Le modèle de développement actuel ne marche pas !
Lors de cette rencontre, Abdelkader Boudrigua, président du CFT a déclaré que le modèle de développement actuel de la Tunisie ne fonctionne pas et que toutes les études, à l’échelle nationale ou internationale, ont montré qu’on est très loin des objectifs: «Nous avons tort avec la planète (…) Malgré le stress hydrique que nous vivons et les changements climatiques, nous continuons à travailler de la même façon comme si rien n’est changé (…) Nous continuons à consommer de l’eau bien qu’on soit conscient de la rareté de cette ressource», a indiqué Boudrigua, avant d’appeler à intégrer tous ces éléments dans nos réflexions et stratégies.
« Changer les systèmes oui ! Mais à quoi pourrait ressembler l’avenir ! Nous avons besoin d’un système financier plus adapté aux évolutions mondiales et qui préconise une nouvelle façon de conduite des affaires (…) Un système qui s’attaque aux inégalités et à la pauvreté et qui investit dans les solutions permettant de faire face aux crises sociales et environnementales tout en assurant une croissance économique durable et inclusive », a-t-il encore dit.

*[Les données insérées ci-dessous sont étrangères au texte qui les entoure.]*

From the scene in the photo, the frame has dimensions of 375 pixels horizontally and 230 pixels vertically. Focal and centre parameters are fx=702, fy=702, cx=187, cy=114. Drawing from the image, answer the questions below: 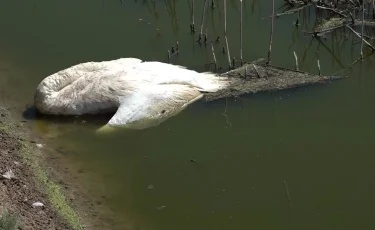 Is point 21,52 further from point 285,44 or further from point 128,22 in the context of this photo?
point 285,44

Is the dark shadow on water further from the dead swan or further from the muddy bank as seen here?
the muddy bank

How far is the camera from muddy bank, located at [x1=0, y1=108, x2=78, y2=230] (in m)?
7.04

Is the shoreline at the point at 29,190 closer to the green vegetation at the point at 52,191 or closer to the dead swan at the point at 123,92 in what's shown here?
the green vegetation at the point at 52,191

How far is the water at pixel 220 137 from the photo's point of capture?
787 cm

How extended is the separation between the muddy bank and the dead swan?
123 cm

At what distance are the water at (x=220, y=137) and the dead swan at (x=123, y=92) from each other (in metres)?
0.20

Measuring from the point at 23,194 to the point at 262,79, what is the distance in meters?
4.35

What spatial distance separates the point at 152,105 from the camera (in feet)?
32.7

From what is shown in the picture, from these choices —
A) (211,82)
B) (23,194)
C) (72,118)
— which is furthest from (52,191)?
(211,82)

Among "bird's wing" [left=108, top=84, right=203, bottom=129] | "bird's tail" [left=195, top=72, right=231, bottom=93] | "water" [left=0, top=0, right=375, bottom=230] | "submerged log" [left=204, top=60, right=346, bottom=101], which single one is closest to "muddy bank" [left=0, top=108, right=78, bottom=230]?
"water" [left=0, top=0, right=375, bottom=230]

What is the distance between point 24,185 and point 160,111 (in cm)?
277

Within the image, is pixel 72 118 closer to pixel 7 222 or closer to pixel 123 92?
pixel 123 92

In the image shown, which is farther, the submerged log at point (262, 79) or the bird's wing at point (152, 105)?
the submerged log at point (262, 79)

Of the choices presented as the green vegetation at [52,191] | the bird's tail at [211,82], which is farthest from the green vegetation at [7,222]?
the bird's tail at [211,82] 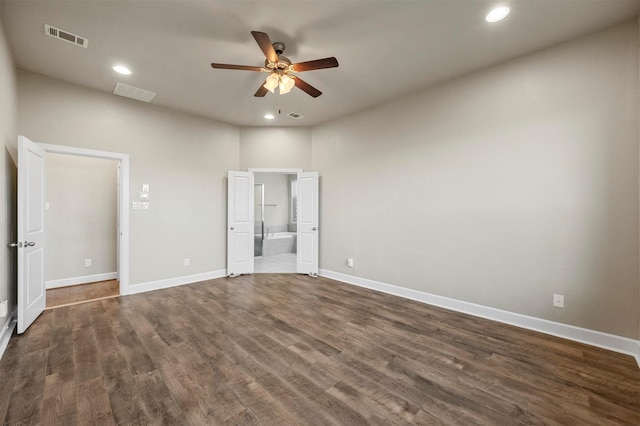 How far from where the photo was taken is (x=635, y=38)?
2.50 metres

Un investissement d’impact
Et d’enchainer qu’aujourd’hui, nous avons besoin d’un monde où la finance joue un rôle central dans la résolution des défis sociaux et environnementaux auxquels la communauté mondiale est confrontée tels que la pauvreté, les inégalités et les changements climatiques. « Nous avons besoin d’un système économique et financier au service de tout, un système responsable sur les personnes et la planète et des investisseurs intégrant les considérations d’impact dans toutes les décisions », a-t-il encore précisé.

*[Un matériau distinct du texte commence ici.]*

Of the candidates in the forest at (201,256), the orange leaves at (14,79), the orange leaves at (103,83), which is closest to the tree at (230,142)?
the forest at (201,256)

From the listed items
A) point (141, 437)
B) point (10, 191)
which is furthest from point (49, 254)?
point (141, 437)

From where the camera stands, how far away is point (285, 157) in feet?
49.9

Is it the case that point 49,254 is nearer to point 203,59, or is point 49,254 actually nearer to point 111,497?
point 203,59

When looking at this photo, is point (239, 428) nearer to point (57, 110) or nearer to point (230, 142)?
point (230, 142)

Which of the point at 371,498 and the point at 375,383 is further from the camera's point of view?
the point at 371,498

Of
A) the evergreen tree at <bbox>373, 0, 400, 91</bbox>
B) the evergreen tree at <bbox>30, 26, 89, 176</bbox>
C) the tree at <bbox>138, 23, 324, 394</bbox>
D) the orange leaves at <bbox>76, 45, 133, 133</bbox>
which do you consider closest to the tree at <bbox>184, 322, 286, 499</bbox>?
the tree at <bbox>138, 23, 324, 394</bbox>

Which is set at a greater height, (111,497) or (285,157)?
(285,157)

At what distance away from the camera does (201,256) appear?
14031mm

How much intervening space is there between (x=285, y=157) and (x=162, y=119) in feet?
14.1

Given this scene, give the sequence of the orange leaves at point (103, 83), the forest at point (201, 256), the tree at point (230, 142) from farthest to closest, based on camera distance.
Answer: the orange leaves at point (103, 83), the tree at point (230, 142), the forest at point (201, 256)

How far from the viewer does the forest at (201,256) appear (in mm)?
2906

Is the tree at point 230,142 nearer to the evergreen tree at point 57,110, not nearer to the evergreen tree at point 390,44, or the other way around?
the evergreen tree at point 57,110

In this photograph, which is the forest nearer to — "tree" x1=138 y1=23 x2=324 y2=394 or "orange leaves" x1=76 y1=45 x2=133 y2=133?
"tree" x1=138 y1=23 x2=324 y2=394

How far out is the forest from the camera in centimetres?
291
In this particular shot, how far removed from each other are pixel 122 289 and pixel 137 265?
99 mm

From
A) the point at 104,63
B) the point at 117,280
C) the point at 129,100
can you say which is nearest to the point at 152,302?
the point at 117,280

Selon lui, il faut réfléchir comment utiliser la finance comme une force pour le bien : « Un investissement d’impact est un investissement dont l’intention est de créer un impact social et environnemental positif et mesurable en plus d’un rendement financier : « Il fait que cette intentionnalité soit mesurée c-à-d qu’elle doit avoir un impact social ou environnemental dans le but de retrouver un résultat positif pour une communauté bien déterminée, il faut aussi que ces investissements communautaires soient plus larges et englobent d’autres investissements et activités cibles », a encore assuré Boudrigua, avant d’appeler à un changement fondamental dans la façon dont les entreprises, les investisseurs et les décideurs politiques conduisent les affaires.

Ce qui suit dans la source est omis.